Stored items:
==================================================

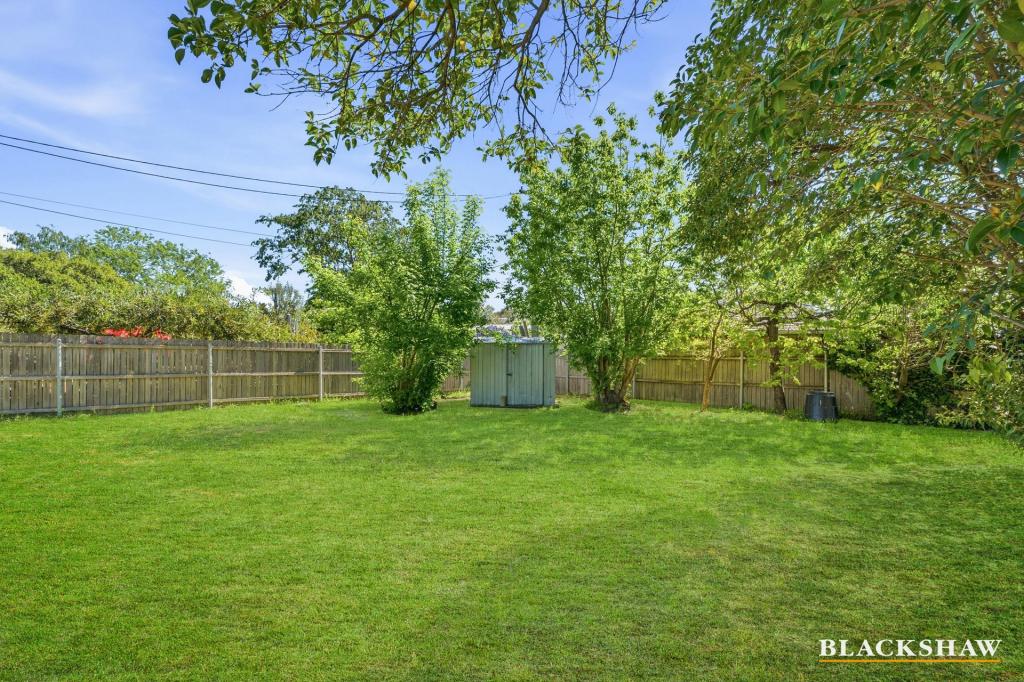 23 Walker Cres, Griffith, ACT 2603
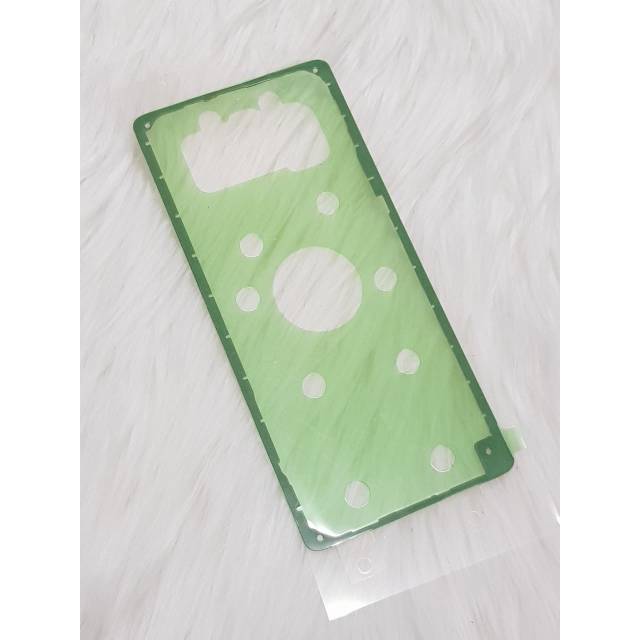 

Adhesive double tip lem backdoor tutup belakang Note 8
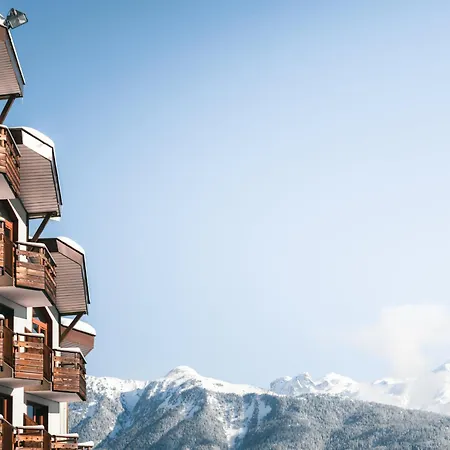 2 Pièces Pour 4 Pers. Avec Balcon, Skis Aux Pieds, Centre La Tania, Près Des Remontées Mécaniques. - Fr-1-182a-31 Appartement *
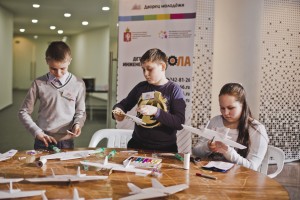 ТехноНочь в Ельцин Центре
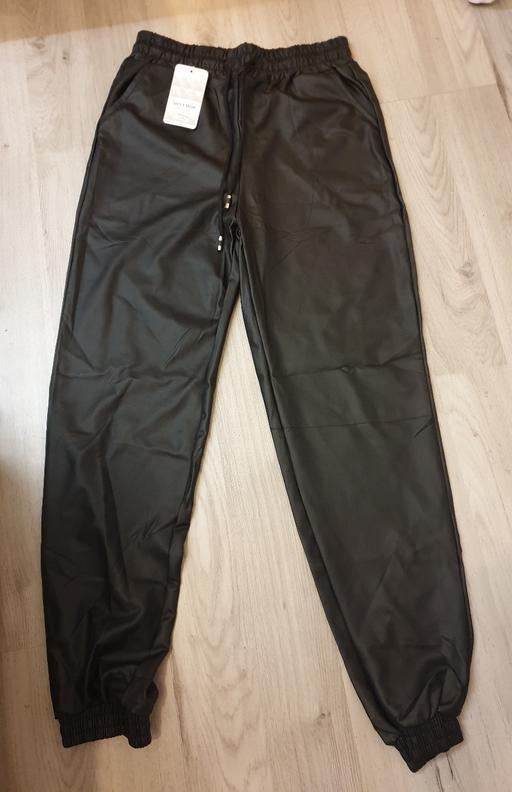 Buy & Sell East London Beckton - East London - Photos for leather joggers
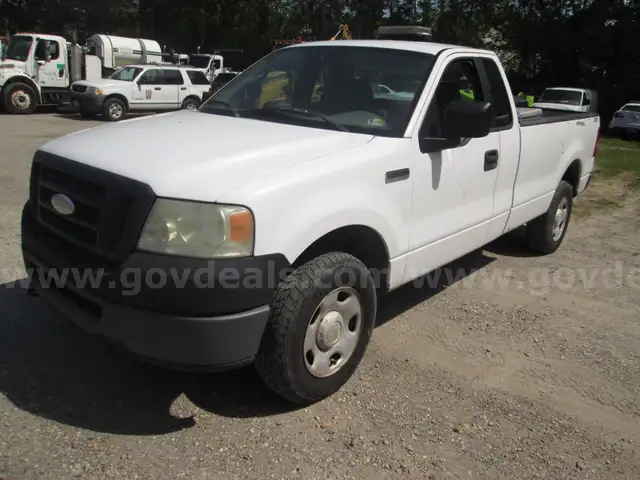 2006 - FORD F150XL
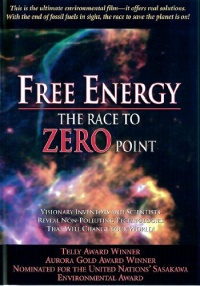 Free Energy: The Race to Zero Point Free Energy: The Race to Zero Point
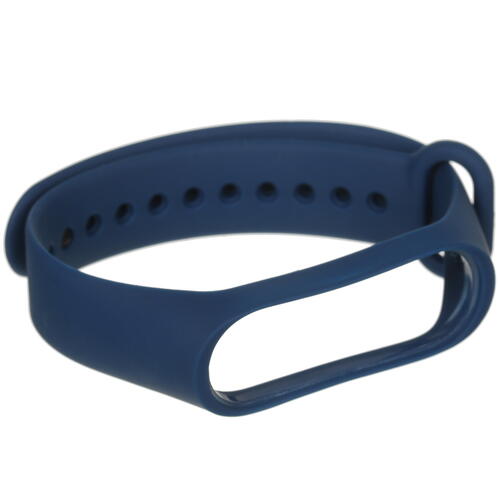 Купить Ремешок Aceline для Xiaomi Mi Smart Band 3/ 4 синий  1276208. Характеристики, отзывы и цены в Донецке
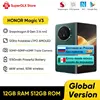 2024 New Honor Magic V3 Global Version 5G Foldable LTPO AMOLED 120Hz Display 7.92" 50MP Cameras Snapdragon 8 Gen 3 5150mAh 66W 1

==================================================

- **Assignment**: Quote precisely the lines of the data from the line containing "ТехноНочь в Ельцин Центре" through its final line, both included, excluding pictures.

- **Written answer**:
 ТехноНочь в Ельцин Центре
 Buy & Sell East London Beckton - East London - Photos for leather joggers
 2006 - FORD F150XL
 Free Energy: The Race to Zero Point Free Energy: The Race to Zero Point
 Купить Ремешок Aceline для Xiaomi Mi Smart Band 3/ 4 синий  1276208. Характеристики, отзывы и цены в Донецке
 2024 New Honor Magic V3 Global Version 5G Foldable LTPO AMOLED 120Hz Display 7.92" 50MP Cameras Snapdragon 8 Gen 3 5150mAh 66W 1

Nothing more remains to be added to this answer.